Afortunadamente, gracias a la intervención de Xie Huai’an, su carga de trabajo se redujo un poco.
Especialmente la Señora Chen, quien está muy embarazada y no apta para trabajos pesados; ella fue acompañada por Ah Qing para realizar algunos trabajos menores en el campamento de recepción.
Quizás debido al clima impredecible, las reacciones del embarazo de la Señora Chen estaban empeorando, preocupando a Ah Qing por posibles complicaciones, así que asumió todos los trabajos menores ella misma.
—Cuñada, déjame encargarme de esto, deberías volver y descansar bien.
Aunque la Señora Chen no quería molestar a su cuñada, apenas podía mantenerse en pie.
Obligada a regresar temporalmente, cocinó al vapor algunos bollos para preparar comida para Ah Qing y sus compañeros.
Mientras Ah Qing se movía de un lado a otro en el campamento de recepción, no notó un par de ojos que la observaban constantemente.
No fue hasta que escuchó algunos ruidos detrás de ella que Ah Qing se dio la vuelta rápidamente, para encontrar a un alguacil mirándola directamente.

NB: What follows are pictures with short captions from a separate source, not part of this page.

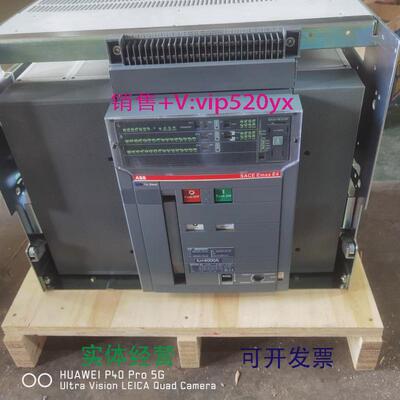 供应ABB框架断路器E4H4000R4000PR121/P-LSIWHR3P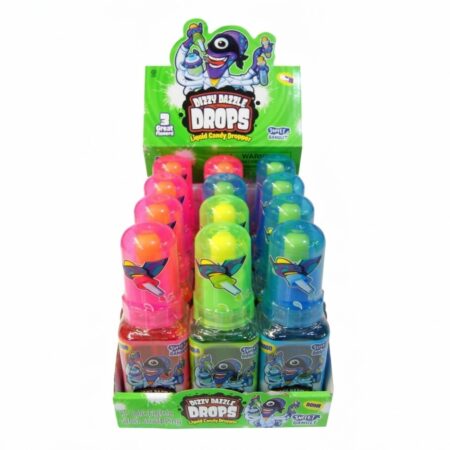 Kidsmania - Dizzy Dazzle Drops - 12ct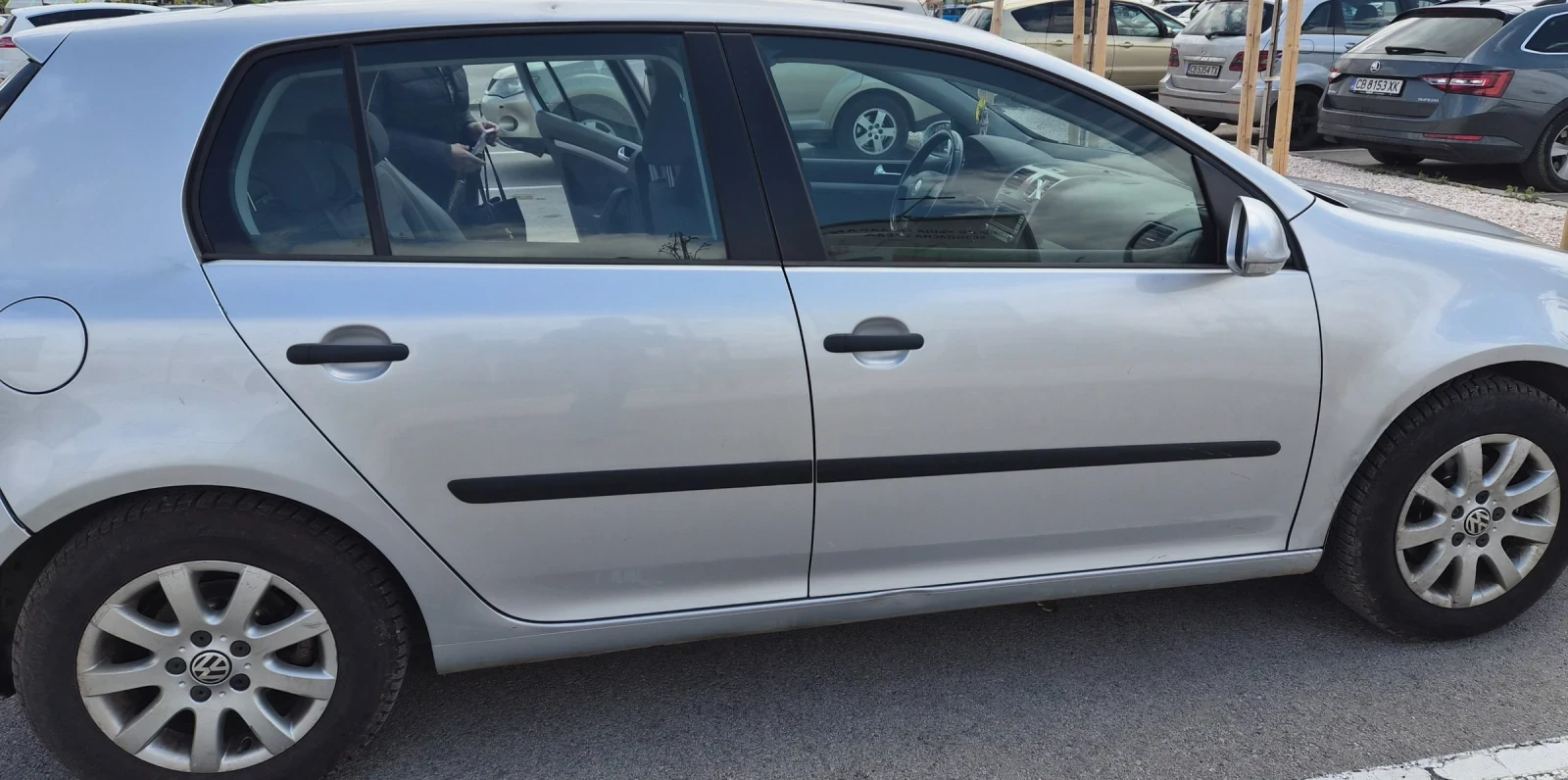 VW Golf, снимка 10 - Автомобили и джипове - 54873186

Presintiendo problemas, Ah Qing lo saludó e intentó irse pero fue agarrada del brazo por el alguacil.
Aterrorizada, Ah Qing sacudió ansiosamente su mano, sólo para ser detenida momentáneamente por un grito de él, tropezando accidentalmente con piedras y cayendo.
Este alguacil era en efecto el mismo hombre que había observado a Ah Qing antes, llamado Lv Meng.
Con cautela, Ah Qing comenzó a tartamudear.
—No te acerques…
El alguacil la examinó con intención malévola, sus ojos oscuros y feroces.
Habló en voz baja:
—Te he deseado por un tiempo, jovencita.
Si me sigues obedientemente, encontraré la manera de sacarte de este campamento de recepción para convertirte en mi concubina.
Al menos no pasarías hambre.
Ah Qing no podía creer lo que oía.
En pánico, ya había sacado una daga atada alrededor de su muñeca de su manga.
Esta era el arma defensiva que su hermana le había dado, y si el hombre se atrevía a faltarle el respeto, ¡Ah Qing lucharía con él hasta la muerte!
—¡Para evitar que tuviera éxito!
Pero justo en ese momento, ¡la Señora Chen de repente levantó una piedra y golpeó fuertemente la cabeza del alguacil!
Lv Meng inmediatamente vio estrellas y sacudió violentamente su cabeza.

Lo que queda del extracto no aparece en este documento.